Previously, we observed most of the renal hexosylceramides (HexCers) chain lengths, composed of GlcCers and galactosylceramides (GalCers), were significantly elevated in lpr compared to MpJ female mice [13]. We further demonstrated the increased levels of HexCers were due to increased GlcCers. Therefore, due to ease and cost, we measured HexCer levels and consider them representative of GlcCers. Similar to our previous results, we observed a significant increase in renal C24 Cer in the water-treated lpr compared to the MpJ mice (Fig 4A). However, we observed renal C22, C24:1, and total Cers were also significantly elevated in the water-treated lpr compared to the MpJ mice. Elevated levels of C16, C22, C24, and total HexCers (Fig 4B) and C16, C24:1, and total LacCers (Fig 4C) were all elevated in the water-treated lpr compared to the MpJ mice as observed previously [13]. The overall levels of renal HexCers and LacCers were expected to decrease in the OP-treated mice due to decreased NEU-mediated catabolism of gangliosides to LacCer (and subsequent catabolism to GlcCer). However, Cers levels were not significantly different (Fig 4A) and there was a trend towards increased levels of renal HexCers (Fig 4B) and LacCers (Fig 4C) in the OP-treated compared to the water-treated lpr nice.

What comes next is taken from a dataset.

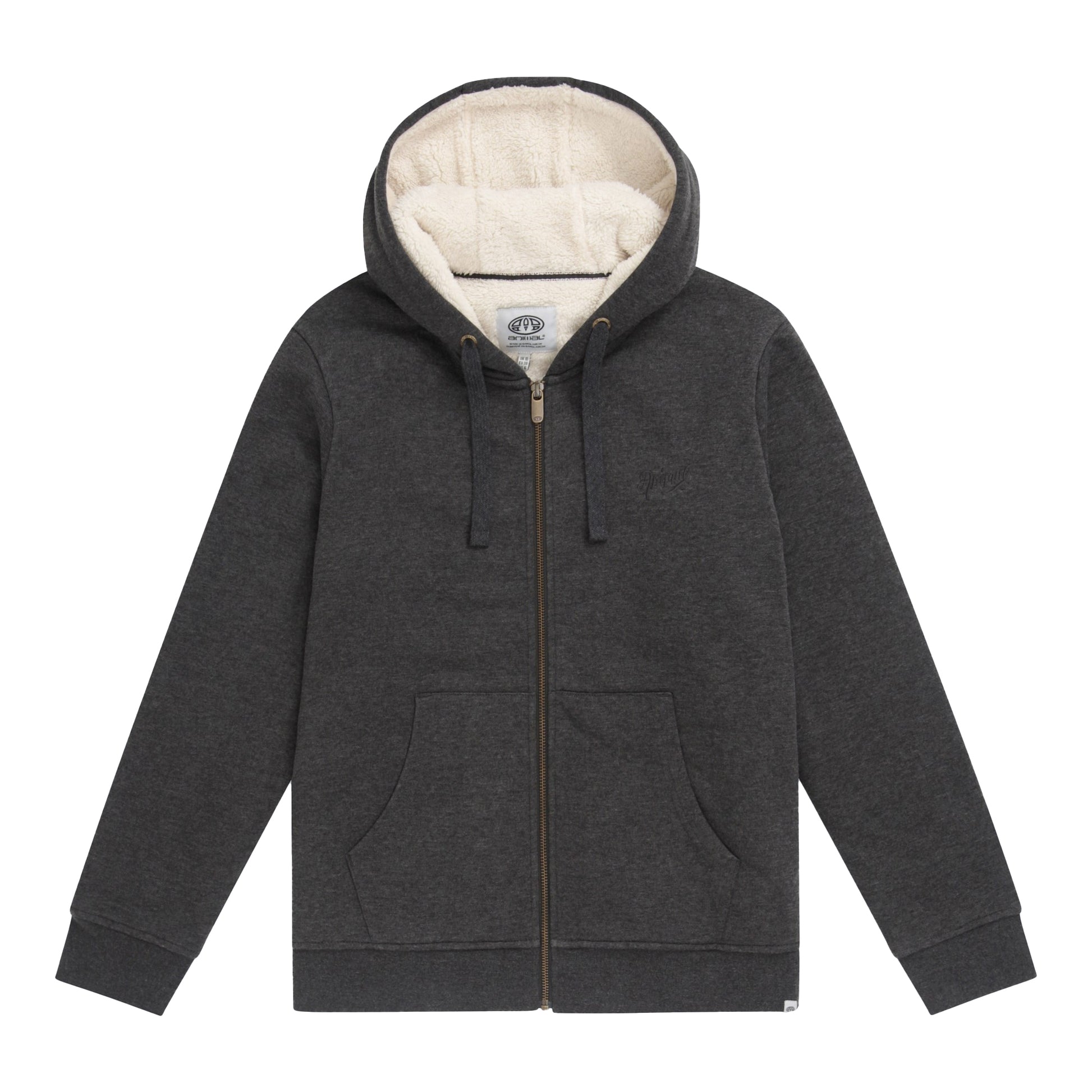 Grey - Front - Animal Womens-Ladies Zuri Organic Hoodie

Fig 4 — Renal GSLs were quantified in renal cortex homogenates from the same mice as in Fig 1 at the endpoint of the study. (A) Ceramides (Cers). (B) Hexosylceramides (HexCers). (C) Lactosylceramides (LacCers). Major chain length species (C16, C22, C24, C24:1) and total of all chain-lengths (Total) of each lipid presented for each animal are presented in the graphs. (D) Neuraminidase (NEU) activity was quantified in kidney cortex homogenates. NEU activity (absorbance, Abs) was quantified within each homogenate at 15 min intervals, normalized to total protein, and presented as average absorbance per mg protein for each time point. HexCers (E) and LacCers (F) were measured in 24-hr urine collections at the endpoint of the study and normalized to urine creatinine (UCr). Means with standard deviations are provided for all graphs. Water, water-treated MRL/lpr mice; OP, OP-treated MRL/lpr mice; MpJ, MRL/MpJ (untreated) mice.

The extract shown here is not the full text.